Give back each line of the data exactly as it reads, minus the pictures.

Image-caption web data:
================

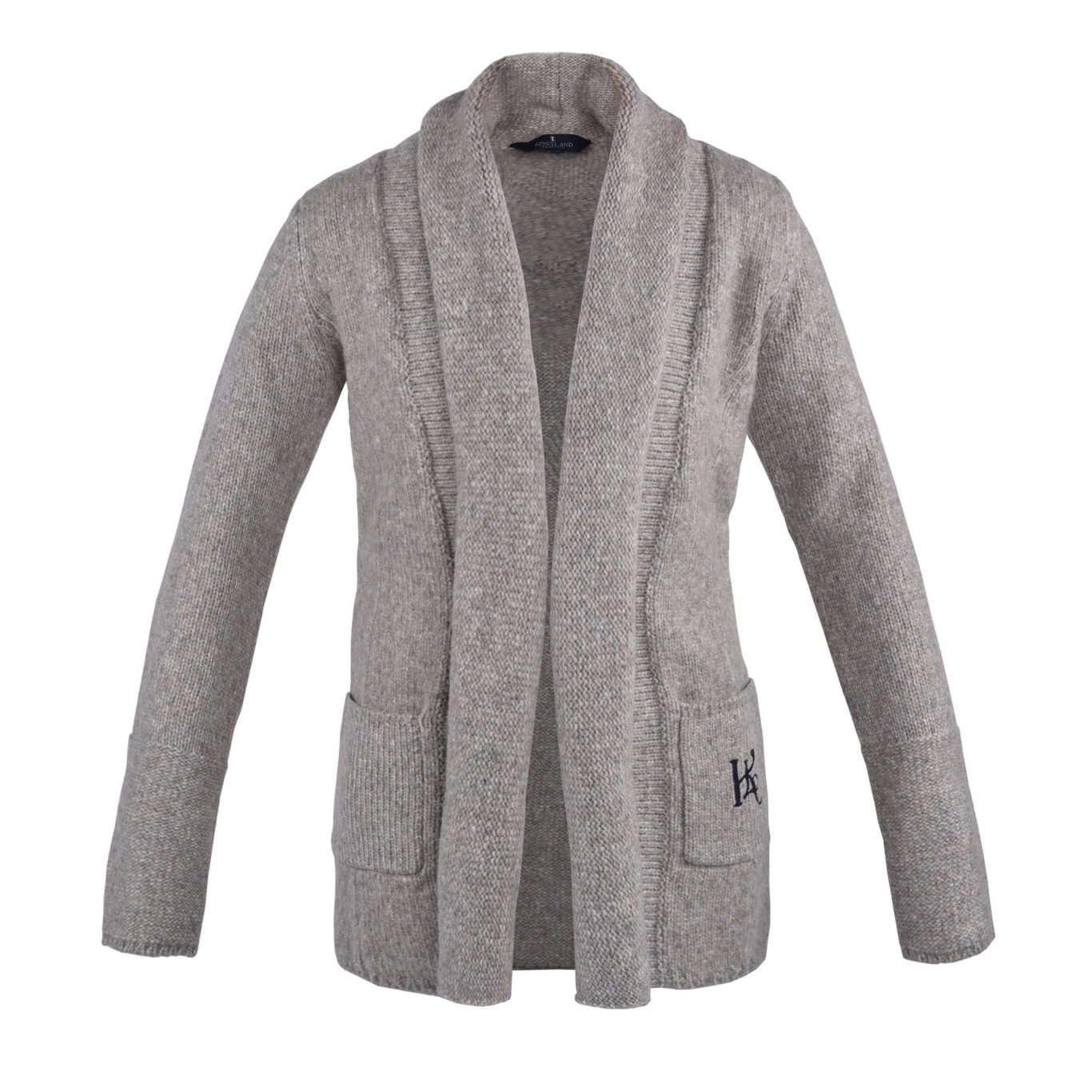 Long thick-knit cardigan in beige and grey for woman – Darlene - Kingsland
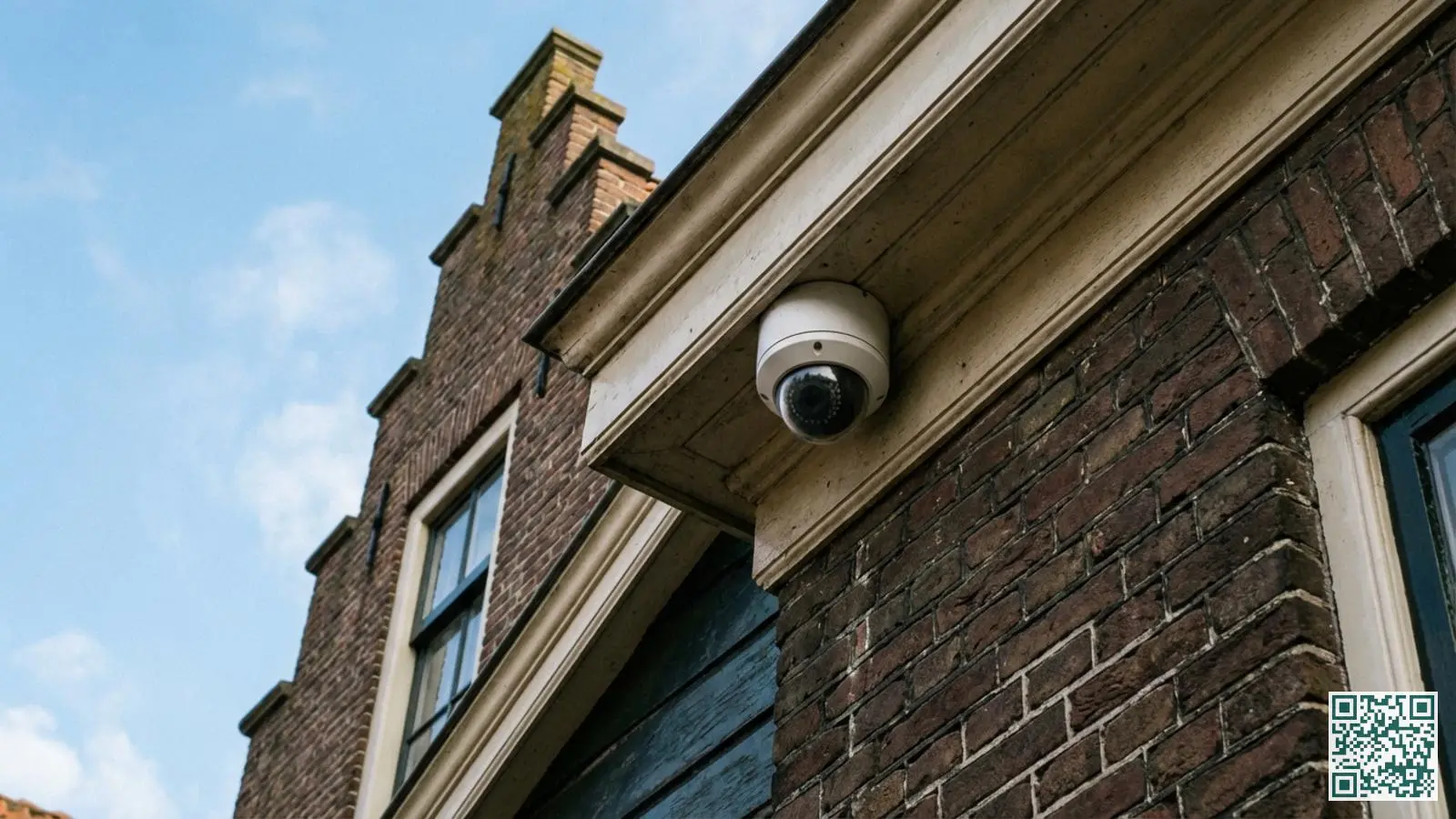 Witte buitencamera hoog gemonteerd onder de dakrand van een Nederlandse woning buiten bereik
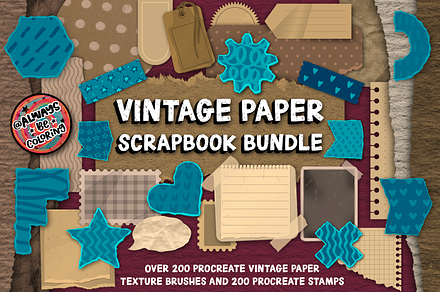 Procreate Vintage Scrapbook Bundle, a Brush Add-On by AlwaysBeColoring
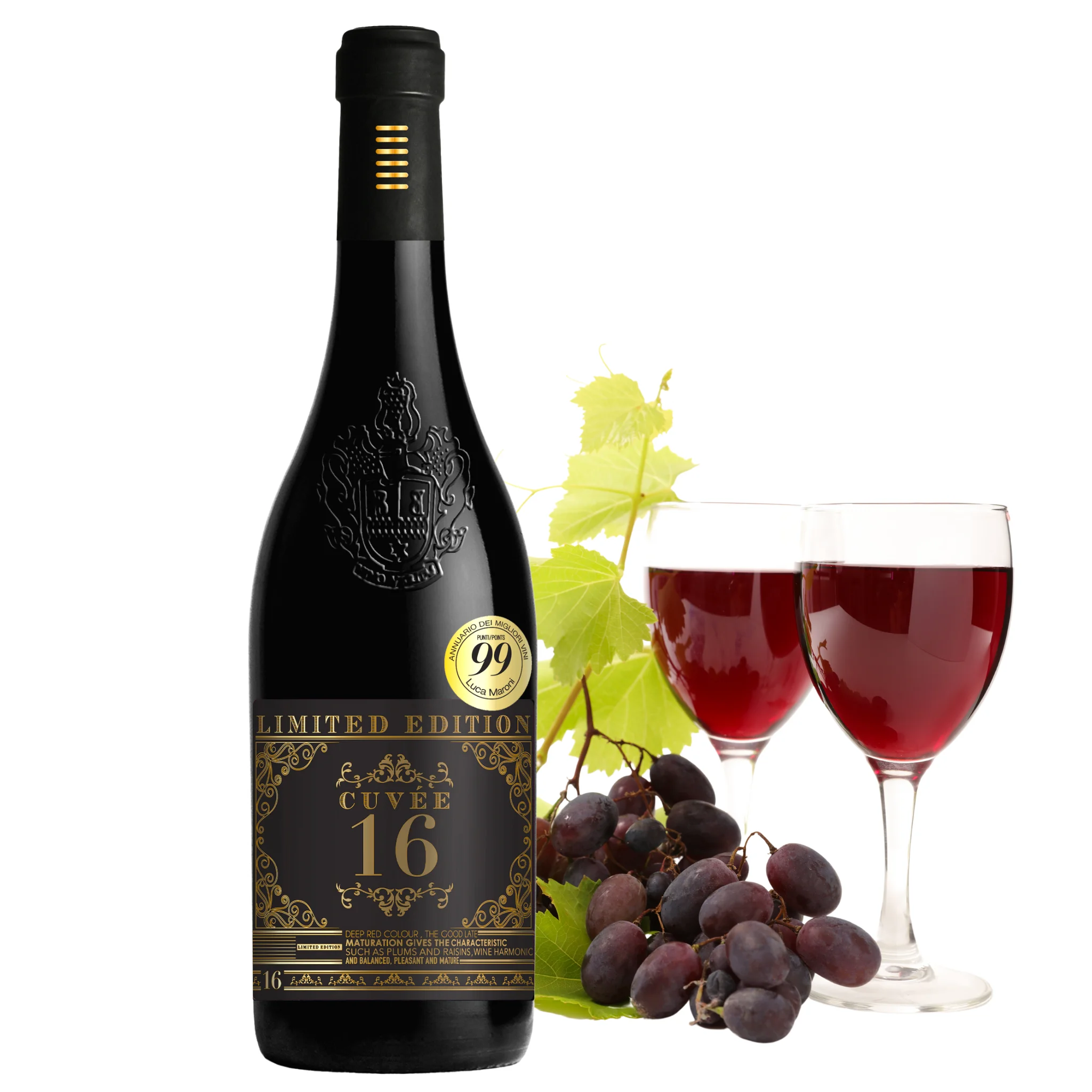 Italian Red Wine - Cuvee 16 Limited Edition - 99 points award - Red wine bottles brand for sale - Dropship wine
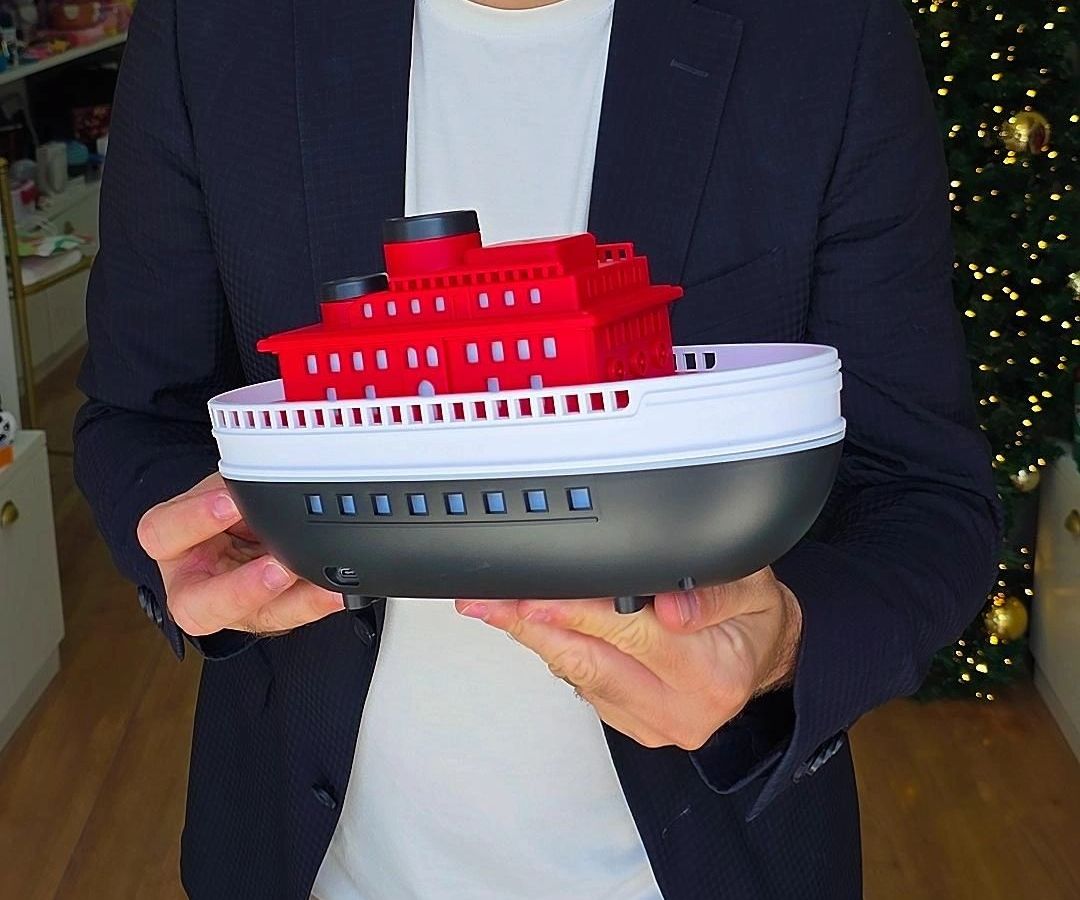 Umidificador, aromatizador, peça decorativa e luminária Barco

================

Result of this task:
 Long thick-knit cardigan in beige and grey for woman – Darlene - Kingsland
 Witte buitencamera hoog gemonteerd onder de dakrand van een Nederlandse woning buiten bereik
 Procreate Vintage Scrapbook Bundle, a Brush Add-On by AlwaysBeColoring
 Italian Red Wine - Cuvee 16 Limited Edition - 99 points award - Red wine bottles brand for sale - Dropship wine
 Umidificador, aromatizador, peça decorativa e luminária Barco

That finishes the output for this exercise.